# usb 2.0 to hdmi adapter



## tony007 (Mar 23, 2008)

I need an adapter from my usb port on my computer to a hdmi socket on my tv I have been looking at one on this page of ebay usb2.0 to hdmi adapter | eBay the one for £23.69 would this do the trick. I want to stream films from my computer to my tv.:grin:


----------



## Masterchiefxx17 (Feb 27, 2010)

You would need something like this where it's a full adapter:

1080P HDTV USB 2.0 PC to HDMI HD Graphics Converter Video Adapter W/3.5mm Audio | eBay

But USB doesn't have any video output so I'm not sure how that is going to work.


----------



## tony007 (Mar 23, 2008)

The one you list is the same as the one I was looking at. I don't want to spend £23.69 if it don't work.

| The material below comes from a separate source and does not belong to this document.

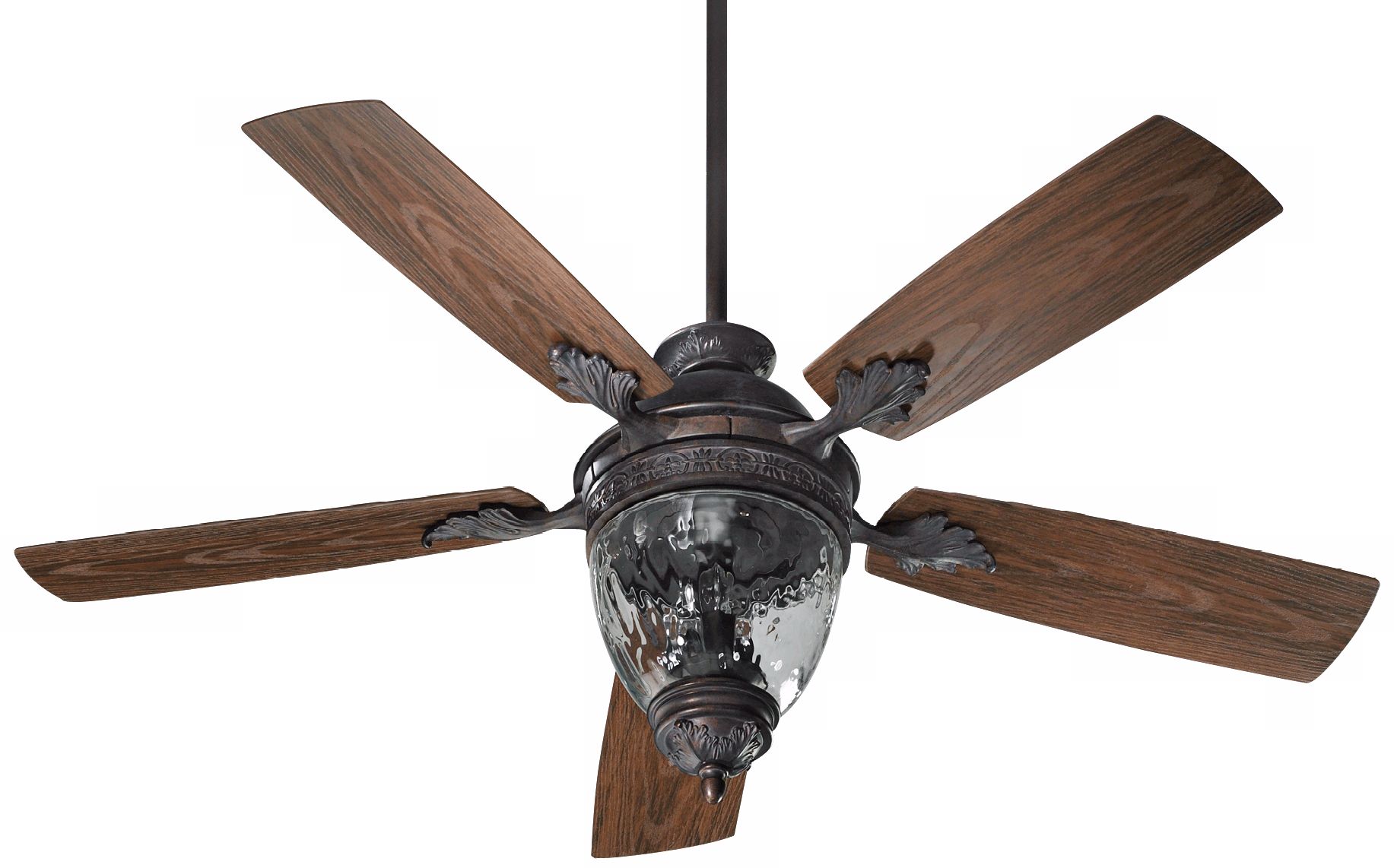 52" Quorum Georgia Sienna Patio Ceiling Fan with Light Kit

Can anyone tell me if it will.


----------



## tony007 (Mar 23, 2008)

What is the jack plug for?


----------



## Masterchiefxx17 (Feb 27, 2010)

I don't think it will work in general since USB does not output any video.


----------



## tony007 (Mar 23, 2008)

What are they selling it for then?


----------



## tony007 (Mar 23, 2008)

Also what is the jack plug for?


----------



## tony007 (Mar 23, 2008)

Just read a bit more about it.
USB2HDMI Extend your desktop with high resolution dual or multi display support,It provides you with the easiest and multiple device integration onto a PC or iMac or notebook using its HDMI connections.It is designed to add a HDMI port to any computer (Mac or PC) and has limitless applications in both consumer and commercial environments. From digital signage to home theater, the all new USB2-HDMI provides a simple solution for viewing content from a computer on any HDTV making it the perfect device for any consumer or commercial application. Set up is as simple as plug and play; convenient for any user, no matter the level of technical knowledge. Reading that I think it will work and I am going to buy it. I'll post back if it does'ent.


----------



## shawnpb (May 30, 2010)

The 3.5mm jack is for Audio to plug into the PC Audio input on your tv from the audio output from your pc.

What is the make and model of your PC? We will assist you with the best way to hook up your PC to your TV via Video.


----------



## tony007 (Mar 23, 2008)

logic L22FE12 or L24FE12 are the two model numbers on the front of the instruction manual.


----------